Wauwatosans, officials observe vigil for Officer Jennifer Sebena
Participants reflect on domestic violence, mental health outside Village church
A vigil for Jennifer Sebena Friday drew about 50 people on a bitterly cold evening to remember the slain officer and wrest meaning from her death.
"We can better the cold, we can better the storm, because we know that we can make it through anything as long as we are here together," said Charles Walton, director of Career Youth Development and its Survivors of Homicide grief and support group, which organized the vigil along with the Peace for Change Alliance.
Elected officials, police officers, firefighters, clergy and local citizens were among those present in the lot just north of the site of the killing outside the Wauwatosa Fire Department at 1601 N. Underwood Ave.
"The Wauwatosa community has been overwhelming in their support of our department," Police Chief Barry Weber said. "What we find that uplifts us in our hearts was Jen was really strong in her faith. So we know that at that point when she left this world, we know where she's at and we gather strength from that."

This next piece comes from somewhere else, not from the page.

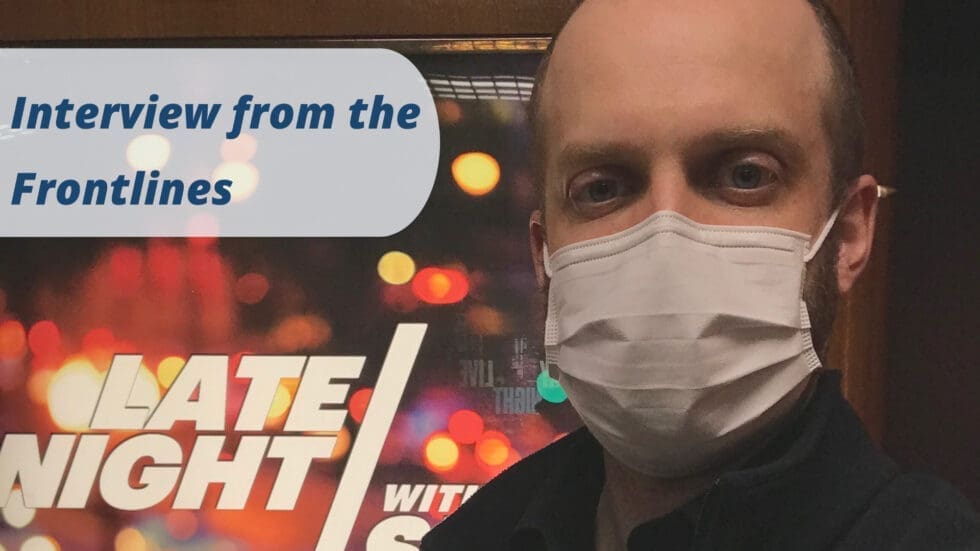 A masked man stands in front of a illuminated "Late Night" television show backdrop, with the text "Interview from the Frontlines" overlaid in the upper left corner of the image.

Mayor Kathy Ehley said this has been a very challenging time for the whole community.
"We need to all share and shoulder this pain and this responsibility together, and we can't forget in the coming months that we need to be there for one another, care for one another, check in to see how we're doing," she said. "It's a very sad time."
Pastor Margaret Schoewe of St. Matthew's Lutheran Church, which is just half a block from the fire station, said she saw the immediate support of the community.
"I just wanted to testify to the love that we saw on Christmas Eve," Schoewe said. "It was hard to come here to be surrounded by all of the barricades, the tape, the blue lights. We couldn't use our regular entrance…and we thought 'Who will come? They'll be afraid of the violence.' Thirteen hundred people came and celebrated and witnessed to the love of God in this community."
Facing mental health
Officer Sebena's husband is accused of shooting her, and mental health and domestic violence were themes that arose in the minds of many.
"It's a moment to check on others, to check on our mental health, because in this nation, mental health issues are running rampant, and people are turning to violence," said State Senator Lena Taylor, whose 6th District shares a border with Wauwatosa to the north.
"You never know what asking someone how they're doing (will do), giving someone a hug - we don't know," Taylor said. Protecting the protectors
No one is immune to domestic violence, Milwaukee City Treasurer Spencer Coggs said.
"Who protects the protectors?" he asked. "We all do. We can do something about the scourge of domestic violence, and I want everyone here to do it in Jennifer's name. Jennifer was somebody's daughter, she was somebody's neighbor, she was somebody's friend and, today, as I look at all you all, she's obviously all of our sister."
"It's the people who wear the uniform of their country, who wear the uniform of the city as a police officer or a firefighter, those are the heroes," Tosa Alderman Don Birschel said. "Not the baseball players who make a lot of money, not the actors in Hollywood who spout off whenever they can, it's the men and women who wear the uniform of their country and of their communities - they are all the real heroes."
Ending domestic violence
No one, no community is immune, said Alderman Dennis McBride.
"We like to pretend in Wauwatosa that these things don't happen here - but they do," he said. "And I think the police officers here will tell us that the most common form of homicide is one that happens between two people that know each other intimately, and that's something that has to stop."
McBride said the support of those outside the community has been important.
"I'd like to thank all the people who are not from Wauwatosa for coming here and supporting our firefighters and our police officers, but also supporting the rest of us in our grief."